All the water in all the oceans is not enough to sink one ship unless the water gets inside the ship. So it is with us; we are to be in the world but we should not let the world get in us. Some of the last words of our Lord before he died are recorded in John, as he was praying for his disciples. He said to his Heavenly Father, “I pray for them: I pray not for the world, but for them which thou hast given me; for they are thine…And now I am no more in the world, but these are in the world, and I come to thee.” Jesus was worried about what would happen to his disciples left behind in the world after he ascended to his Father.

He asks, “Holy Father, keep through thine own name those whom thou hast given me, that they may be one, as we are… .I have given them thy word; and the world hath hated them, because they are not of the world, even as I am not of the world.” Jesus asks God to keep his disciples in the way of life. Does he ask for them to be removed from the world which hates them? No. He continues, “I pray not that thou shouldest take them out of the world, but that thou shouldest keep them from the evil. They are not of the world, even as I am not of the world.”

We are not of the world but we certainly are in it. The problem for us, as for a ship, is not how deep is the worldly water, but how much of the water is getting inside? Jesus wanted the disciples to be proteoted from the evil of the world just as a ship bobbing on the high seas battens clown its hatches to keep from being flooded by the raging waves.

The same water that drowned all the people on earth lifted the ark up and in symbol baptized Noah and his family. To have been outside the ark was certain death. To be inside was life and safety. So it is with us. We want to navigate the troubled seas that engulf the world, and we need to keep our ship watertight to avoid the waters of the world from seeping inside and sinking us.

The prophet Isaiah compares the wicked to the constantly churning sea: “But the wicked are like the troubled sea, when it cannot rest, whose waters cast up mire and dirt.
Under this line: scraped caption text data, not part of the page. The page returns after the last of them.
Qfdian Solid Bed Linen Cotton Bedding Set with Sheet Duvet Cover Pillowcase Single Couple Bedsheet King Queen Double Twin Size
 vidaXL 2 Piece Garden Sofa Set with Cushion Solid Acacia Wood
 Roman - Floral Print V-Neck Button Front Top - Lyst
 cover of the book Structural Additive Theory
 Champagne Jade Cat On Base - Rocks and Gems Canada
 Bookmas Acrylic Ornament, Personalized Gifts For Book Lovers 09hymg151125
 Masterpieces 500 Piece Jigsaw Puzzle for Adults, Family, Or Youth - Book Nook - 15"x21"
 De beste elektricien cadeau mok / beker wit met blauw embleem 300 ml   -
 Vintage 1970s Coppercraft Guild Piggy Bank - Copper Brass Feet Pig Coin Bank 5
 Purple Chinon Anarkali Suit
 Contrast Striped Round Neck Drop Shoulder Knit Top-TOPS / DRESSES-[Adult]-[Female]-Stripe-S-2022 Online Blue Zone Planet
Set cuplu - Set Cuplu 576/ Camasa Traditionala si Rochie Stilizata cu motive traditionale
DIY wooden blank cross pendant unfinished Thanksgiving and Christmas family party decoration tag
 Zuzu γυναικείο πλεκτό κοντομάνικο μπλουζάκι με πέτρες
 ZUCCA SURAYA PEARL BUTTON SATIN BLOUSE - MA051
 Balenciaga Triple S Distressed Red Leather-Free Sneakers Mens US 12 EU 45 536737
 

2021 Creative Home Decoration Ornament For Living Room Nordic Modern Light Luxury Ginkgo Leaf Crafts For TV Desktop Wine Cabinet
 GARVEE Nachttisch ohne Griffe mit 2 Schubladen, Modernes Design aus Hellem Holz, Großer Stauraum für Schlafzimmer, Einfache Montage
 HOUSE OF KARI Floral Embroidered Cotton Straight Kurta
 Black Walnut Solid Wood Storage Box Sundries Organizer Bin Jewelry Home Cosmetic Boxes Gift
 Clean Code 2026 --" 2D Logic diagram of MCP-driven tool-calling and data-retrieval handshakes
There is no peace, saith my God, to the wicked.”

The wicked of our day, like the wicked of Noah’s day, have filled every imagination of their hearts with only evil continually. They are troubled; they have no peace, and yet the prayer of Jesus was that we should have peace. “Peace I leave with you, my peace I give unto you: not as the world giveth, give I unto you. Let not your heart be troubled, neither let it be afraid.”

As we must make our ship a watertight vessel against the raging waters of this world, so we need to fill our minds with the pure teachings of the God of our salvation. Then Christ will be the captain of our ship, and we can smile at the storms of life. Jesus could sleep peacefully in the bottom of the boat while all those around him were in a state of panic. He calmed the sea, and he can calm our fears also.

We have been given the promise, “Thou wilt keep him in perfect peace whose mind is stayed on thee because he trusteth in thee.” Let us keep Christ in our vessel by keeping our minds pure, meditating on the word of God, and may the peace of God that passes all understanding fill our hearts and minds as we wait on him.